[Exercise aim]: Return exactly the lines of the data below, from the one that contains "Twins Schattige Boho" through the final line, and leave out every picture.
*** Block opens ***
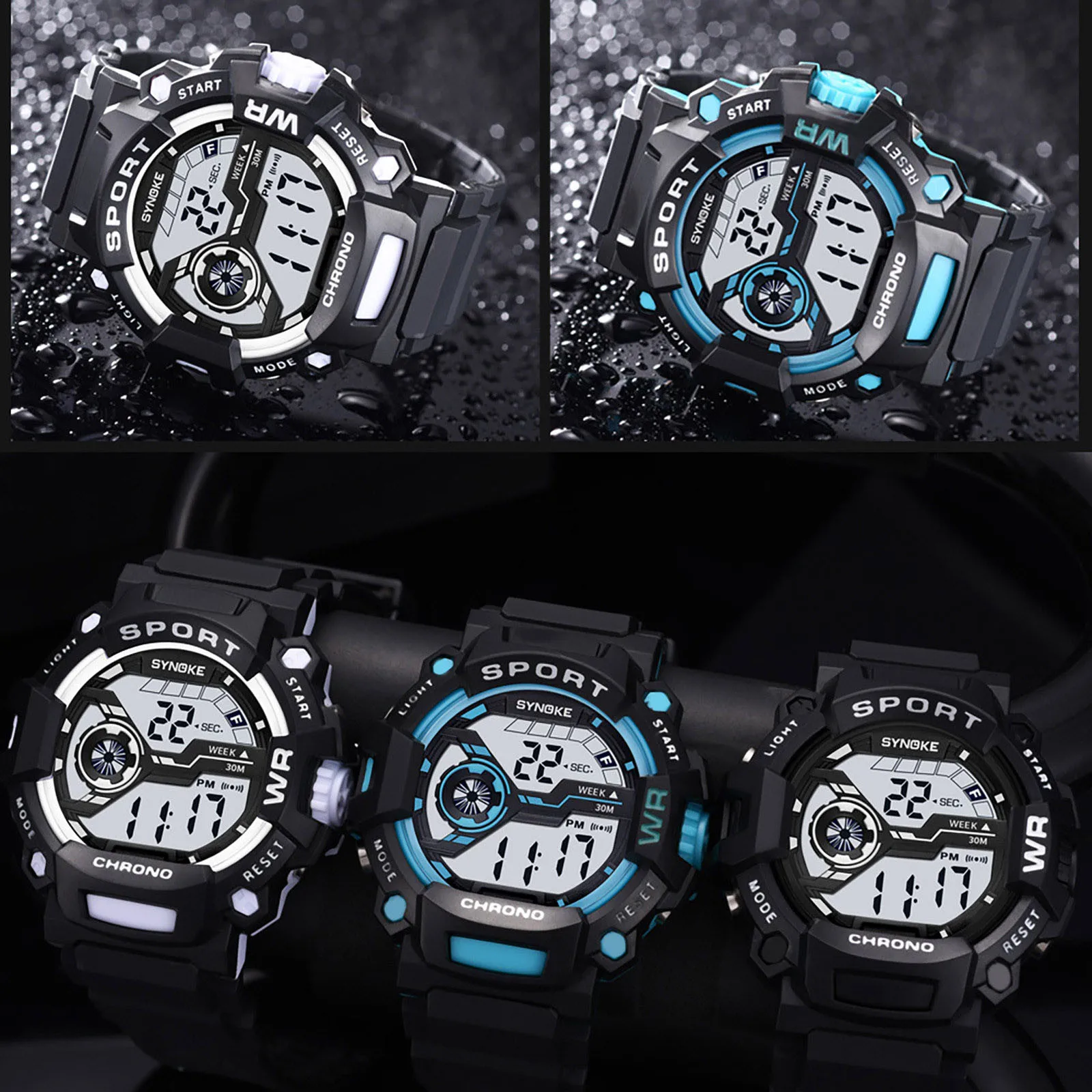 

Digital Watches Sports Fitness Multi Function Digital Watches Colorful Luminous Waterproof Chronograph Fitness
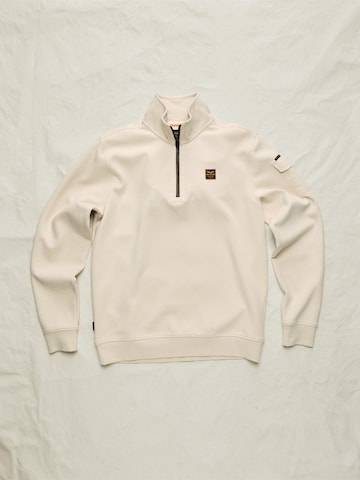 PME Legend Sweatshirt 'Sweatshirt with half-zip and badge' in Beige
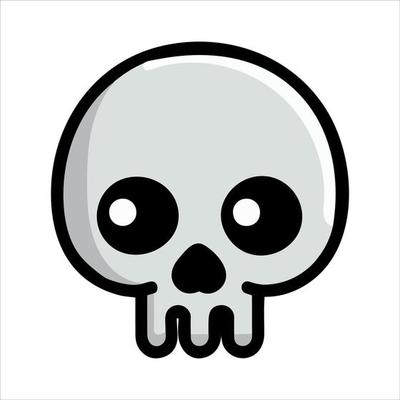 Fun cartoon skull logo. Dead symbol isolated. Dead cute halloween ...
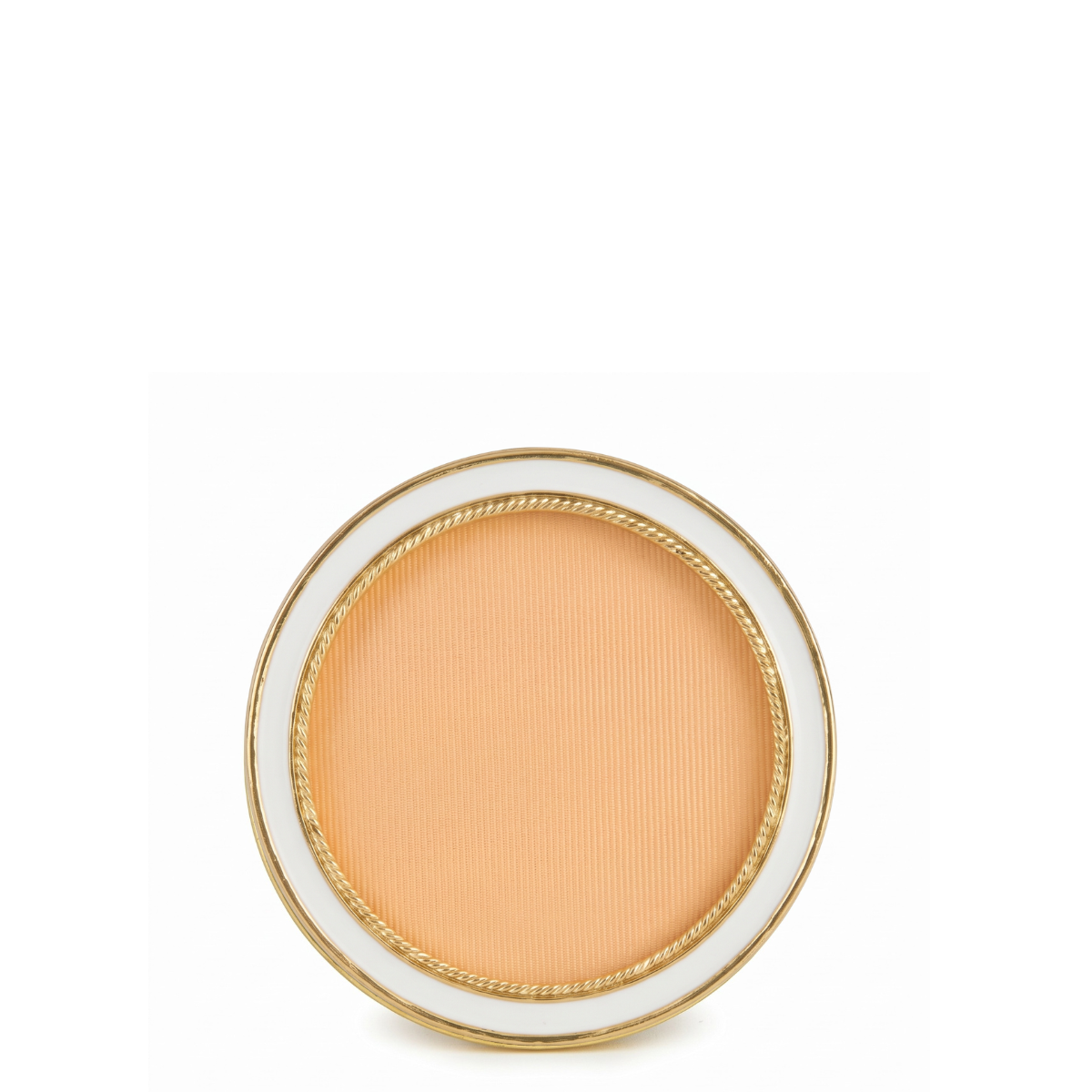 Leslie Round Enamel Small Frame, White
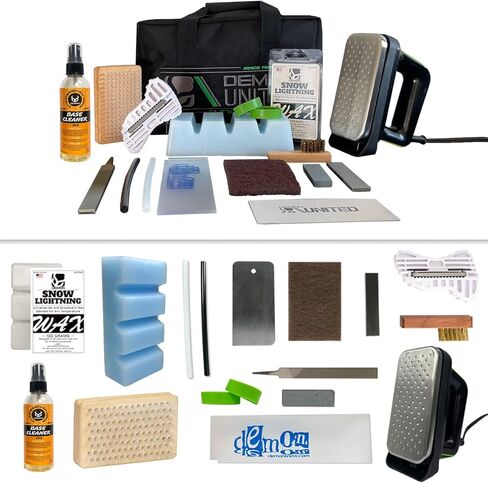 DEMON UNITED USA ICE XL Edition Ski & Snowboard Tuning Kit, Demon Hyper Wax, Ski Hot Wax Iron, Lightning Wax, Base Cleaner, Edge Tuner, Nylon Brush, & More! in Saudi Arabia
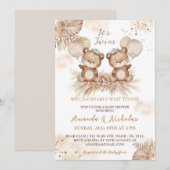 Twins Schattige Boho Beer Baby shower Kaart (Voorkant / Achterkant)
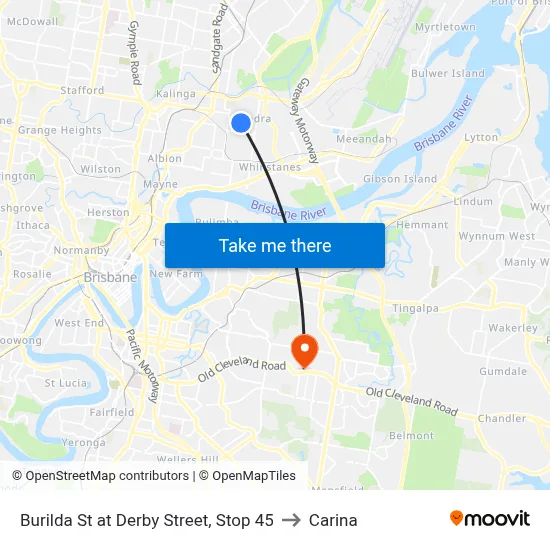 Burilda St at Derby Street, Stop 45 to Carina map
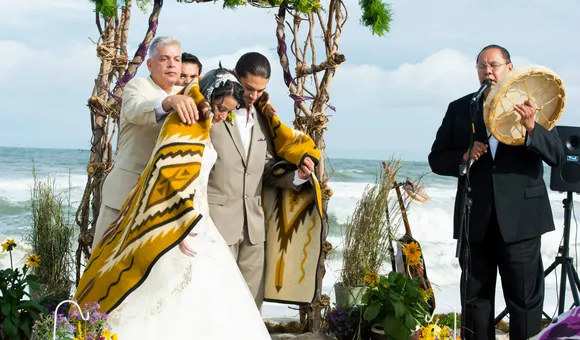 An Indigenous couple marries on the beach at Assateague Island National Seashore and Assateague State Park. Many of the United States' National Parks are places of historical, cultural, and sacred meaning for Native communities. (Photo used with the permission of Desirée Shelley Flores)
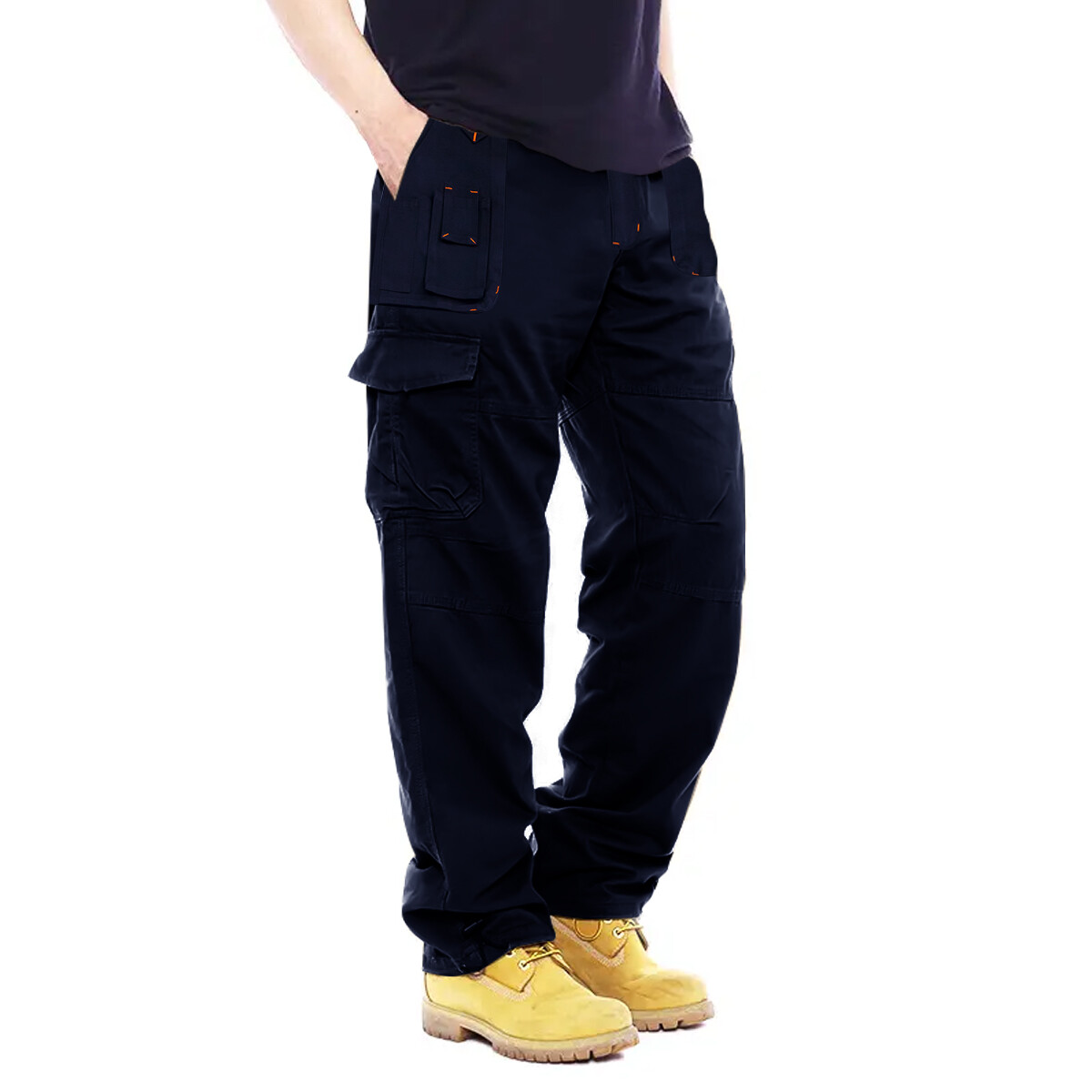 Mens Cargo Combat Work Trousers Size 30 to 44 Black Navy Trousers with Knee Pads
*** Block closes ***
[Solution to this exercise]:
 Twins Schattige Boho Beer Baby shower Kaart (Voorkant / Achterkant)
 Burilda St at Derby Street, Stop 45 to Carina map
 An Indigenous couple marries on the beach at Assateague Island National Seashore and Assateague State Park. Many of the United States' National Parks are places of historical, cultural, and sacred meaning for Native communities. (Photo used with the permission of Desirée Shelley Flores)
 Mens Cargo Combat Work Trousers Size 30 to 44 Black Navy Trousers with Knee Pads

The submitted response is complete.